TASK OBJECTIVE:
Please repeat, exactly as written, the line containing "Immagine 20 di" and every line after it through the end of the records below, leaving out any pictures.

EXTRACTED MATERIAL:
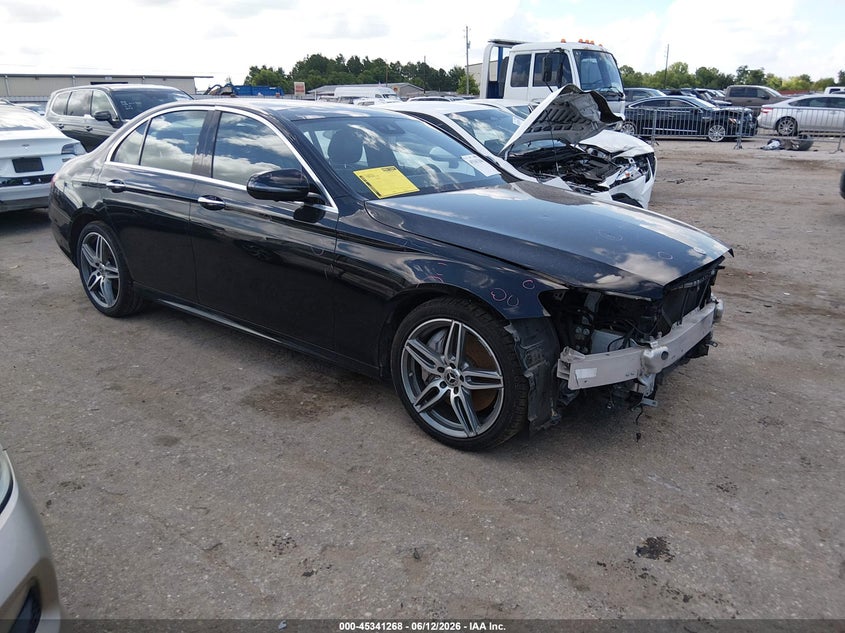2019 Mercedes-benz E-klasse VIN WDDZF4JB2KA617058 IAAI salvage auction — FRONT END, Original (Texas), sold $9,600 on 2026-08-19 (photo 1)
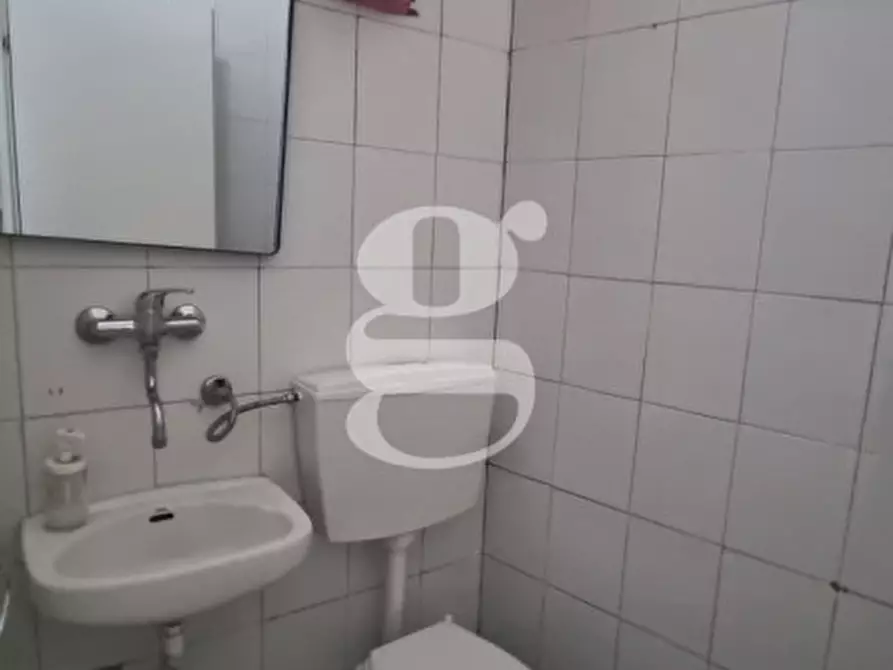 Immagine 20 di Negozio in vendita  in vi aumberto I a Milazzo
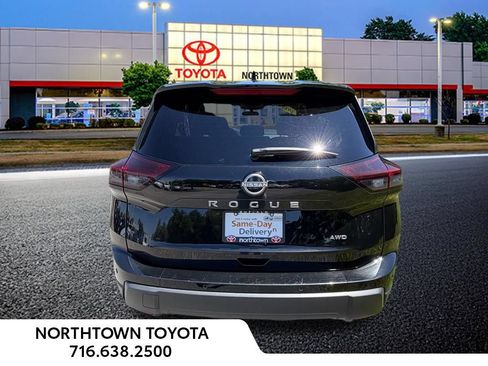 Used 2025 Nissan Rogue SV AWD/4WD image 6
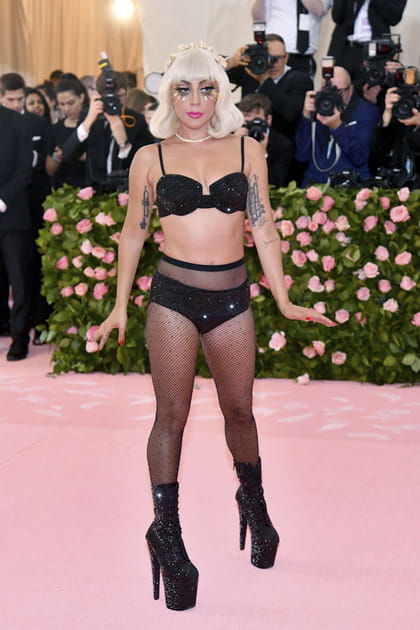 Lady Gaga en ensemble de sous-vêtements noirs à paillettes et collants à pois Brandon Maxwell
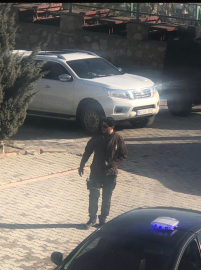 ‘Silahım yok’ diyen Mustafa Türkay Sonel’in kamuflajlı tabancalı fotoğrafı ortaya çıktı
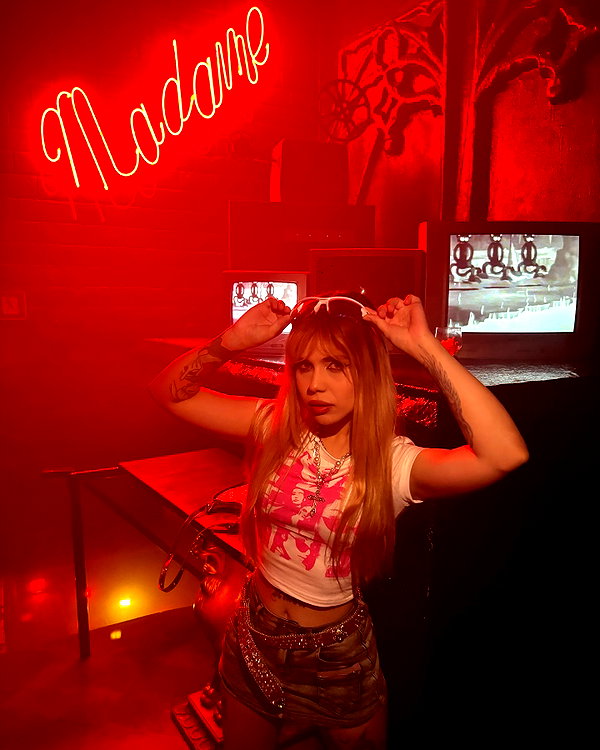 lucychernov instagram image archive image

SOLUTION TO THIS TASK:
 Immagine 20 di Negozio in vendita  in vi aumberto I a Milazzo
 Used 2025 Nissan Rogue SV AWD/4WD image 6
 Lady Gaga en ensemble de sous-vêtements noirs à paillettes et collants à pois Brandon Maxwell
 ‘Silahım yok’ diyen Mustafa Türkay Sonel’in kamuflajlı tabancalı fotoğrafı ortaya çıktı
 lucychernov instagram image archive image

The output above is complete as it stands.